Get up on ladder, push back roof tiles over the approximate area of the wall you want to drop the cable own, and away you go!  Typically, only every third row is nailed so you should have pretty good access.

----------


## Godzilla73

G'day, 
See if you can get your hands on the "Yellow Tongue" from sheet flooring and push that up or down which ever is easier. Tape the wire you're using to it and pull it thru. If you can have a bit of a hunt around a new estate for a bit of yellow tongue, it also comes in green and red. Perfect thing for the job.

----------


## Green1

Thanks guys. I googled the problem as well and also read somewhere else about doing it from outside. Might give that a try as I just can't see from inside the ceiling. 
Cheers, 
Greeny

----------


## intertd6

By going up the cavity, if the wall was to ever be saturated water could travel down the wire & end up inside if the cable touches the brickwork skin, putting a small hanging loop in the cable will cause a drip to fall down the cavity as long as the wire doesnt zig zag down the cavity.
regards inter

----------


## Green1

Thanks, good tip. 
Of course now that I am doing this job from the outside, it is raining here today! But we need it badly so that is good.

----------


## SirOvlov

From the top for sure, tin or tile. The 'snake' or floor tounge is hard from the floor on b/vaneer due to the top timber, always bunches up. I wouldn't be too concerned about the loop for water, if water is coming down the cable, you will have way bigger problemd to worry about and fix as the whole area more than likely will be wet. P.S. Should have put it in Home Theatre section :Redface: )

----------


## Green1

Cheers, didn't realise there was a home theatre section!  :Rolleyes:  
It is a tile roof and this morning's rain cleared and I got it done this afternoon without too much drama. Used three separate pieces of string attached together to a small bolt as a weight which came down in almost exactly the right spot, my 11yo daughter then pulled each string through one by one as I fed two speaker cables then a coax (used the chance to move the aerial point also, to get rid of the 6m cable currently running around the floor/skirting in the lounge room. 
It all worked very well. Only downside was I had to cut a hole in the roof sarking, but I made it a flap only cut on two sides about 100mm and have taped it up. 
Next weekend will get up in the ceiling and run the speaker cables to the eaves nearby where they will connect to outdoor speakers, this will be cramped but straightforward.
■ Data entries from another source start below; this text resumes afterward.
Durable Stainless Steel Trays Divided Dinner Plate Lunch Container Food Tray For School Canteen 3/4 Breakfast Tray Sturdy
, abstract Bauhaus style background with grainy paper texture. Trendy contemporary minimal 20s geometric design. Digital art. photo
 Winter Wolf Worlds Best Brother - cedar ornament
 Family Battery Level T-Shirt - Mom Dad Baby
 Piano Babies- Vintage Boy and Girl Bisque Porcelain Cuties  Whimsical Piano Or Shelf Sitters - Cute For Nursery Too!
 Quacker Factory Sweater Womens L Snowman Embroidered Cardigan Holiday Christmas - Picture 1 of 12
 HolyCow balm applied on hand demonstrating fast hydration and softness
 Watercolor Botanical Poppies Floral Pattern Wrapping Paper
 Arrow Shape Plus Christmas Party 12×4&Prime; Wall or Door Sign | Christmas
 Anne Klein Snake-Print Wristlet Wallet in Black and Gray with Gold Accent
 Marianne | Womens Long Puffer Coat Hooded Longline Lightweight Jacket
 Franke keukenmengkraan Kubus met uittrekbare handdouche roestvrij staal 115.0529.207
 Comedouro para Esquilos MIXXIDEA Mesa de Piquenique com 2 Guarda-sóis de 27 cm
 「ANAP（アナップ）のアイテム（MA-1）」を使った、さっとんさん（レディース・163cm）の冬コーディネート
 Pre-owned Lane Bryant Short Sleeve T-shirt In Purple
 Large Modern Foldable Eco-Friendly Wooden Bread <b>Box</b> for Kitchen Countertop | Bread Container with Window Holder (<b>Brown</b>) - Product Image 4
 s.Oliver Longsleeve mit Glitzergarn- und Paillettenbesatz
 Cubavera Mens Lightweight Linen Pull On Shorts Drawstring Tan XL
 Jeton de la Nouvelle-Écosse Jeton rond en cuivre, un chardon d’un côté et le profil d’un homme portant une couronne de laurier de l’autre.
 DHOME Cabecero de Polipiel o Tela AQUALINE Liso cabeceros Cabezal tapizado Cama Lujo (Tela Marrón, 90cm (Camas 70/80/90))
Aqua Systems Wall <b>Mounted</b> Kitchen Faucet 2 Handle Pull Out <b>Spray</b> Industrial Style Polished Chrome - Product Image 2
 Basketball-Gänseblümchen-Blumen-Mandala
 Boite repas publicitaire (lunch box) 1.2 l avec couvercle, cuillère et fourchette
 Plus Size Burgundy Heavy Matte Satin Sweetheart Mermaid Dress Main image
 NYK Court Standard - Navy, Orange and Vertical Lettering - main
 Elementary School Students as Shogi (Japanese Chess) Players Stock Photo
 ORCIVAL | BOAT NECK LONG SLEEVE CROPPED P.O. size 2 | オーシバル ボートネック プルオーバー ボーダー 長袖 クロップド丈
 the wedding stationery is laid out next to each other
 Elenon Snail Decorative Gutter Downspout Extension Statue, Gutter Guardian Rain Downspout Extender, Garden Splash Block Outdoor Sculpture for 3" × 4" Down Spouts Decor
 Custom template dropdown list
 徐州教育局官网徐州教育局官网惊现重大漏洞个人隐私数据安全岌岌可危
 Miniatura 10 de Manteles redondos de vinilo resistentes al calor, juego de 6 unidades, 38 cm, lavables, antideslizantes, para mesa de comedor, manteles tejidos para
Also have to split the existing coax in the ceiling and join the new cable, pretty straight forward I think with a splitter sourced at Jaycar with the rest of the cable etc. 
Any tips on cutting and then preparing the cut ends of the existing coax? As well as the splitter I purchased two male fittings for the existing coax which will then just join onto the splitter- Are they straight forward to fit to cable just cut?

----------


## SirOvlov

The antenna cable is pritty straight forward, depending on the connectors you got depending how much to strip, generally strip 10mm down to bare centre and then the outer by 5-8 mm. Just be sure as your doing and when your done that there isn't one little strand of the sheild touching the core. Also, dont get a splitter from jaycar, they are ok but I have replaced loads of them. Go to a hills stocker, ie an elec wholesaler.

----------